Quali sono i motivi che dovrebbero spingere un imprenditore italiano ad investire in India?

L’India è attrattiva per le aziende italiane e straniere perché dispone di una classe media assai numerosa (circa 300 milioni di persone), di una popolazione giovane, di un basso costo del lavoro e di infrastrutture in via di sviluppo. Il governo ha infatti recentemente annunciato di voler realizzare un investimento multimilionario nel settore delle infrastrutture al fine di rendere possibili la creazione di 500 smart cities, di sviluppare le aree rurali e di modernizzazione ferrovie, aeroporti e porti. Le istituzioni del Paese si stanno dimostrando capaci di attrarre investimenti in quasi tutti i settori dell’economia anche grazie alla rimozione di vecchie regole obsolete. Inoltre il ranking dell’India per quel concerne l’indice doing business è in crescita anche per la politica di riduzione di tasse e dazi su beni e servizi.

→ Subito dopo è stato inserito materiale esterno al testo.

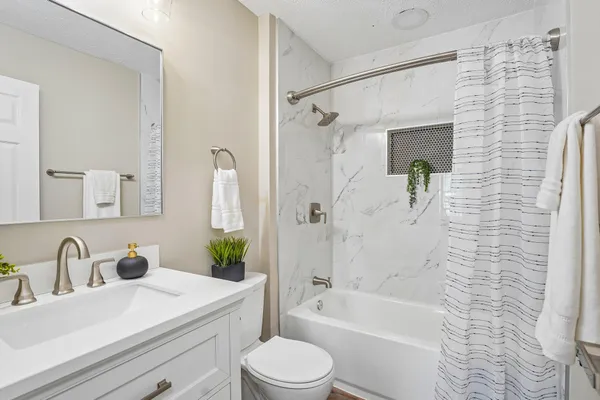 a bathroom with a sink toilet and shower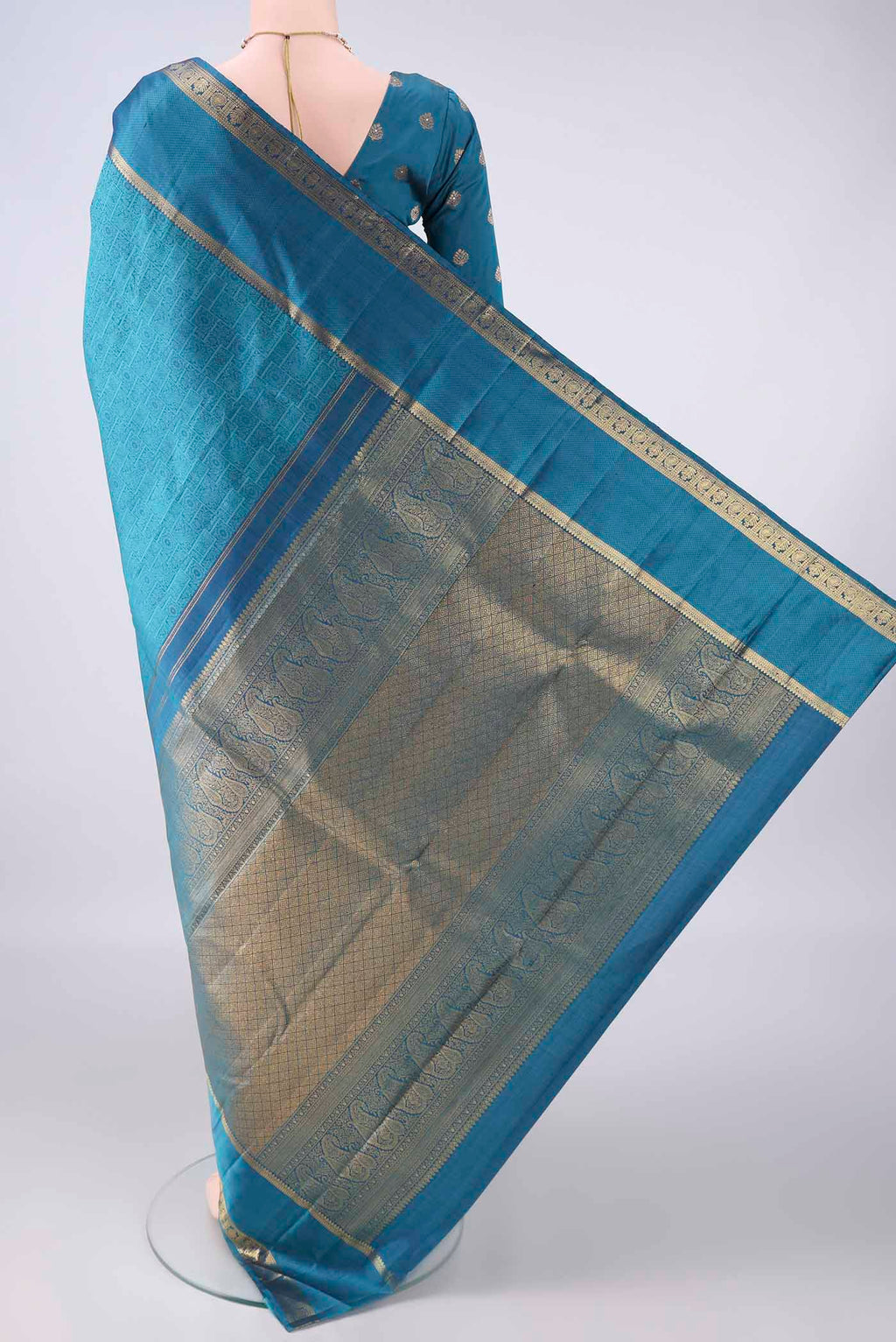 Flat view of Pure Silk Blue Kanjivaram Saree with Jacquard design on the body and Zari Border.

Il dipartimento delle politiche industriali, operante all’interno del ministero del commercio e dell’industria, ha addirittura creato un ufficio ‘Invest India’ a New Delhi, incaricato di fornire informazioni alle aziende desiderose di entrare sul mercato indiano.

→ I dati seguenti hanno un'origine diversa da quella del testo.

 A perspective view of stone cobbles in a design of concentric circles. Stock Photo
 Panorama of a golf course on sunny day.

Quale sarà il futuro dell’economia indiana?

Attualmente, l’India sta crescendo ad un tasso del 7,1%. Fitch ha previsto che il Paese crescerà del 7,7% nel periodo 2016-2017 e dell’8% fra il 2018 ed il 2019 soprattutto grazie alle riforme strutturali poste in essere dal governo ed al maggior reddito generato dalla crescita economica. I settori dove si prevede la maggior crescita sono: assicurazioni, immobiliare, business services, hotellerie e trasporti. L’economia indiana raddoppierà la crescita entro i prossimi 10 anni diventando così la terza più grande economia mondiale in termini assoluti.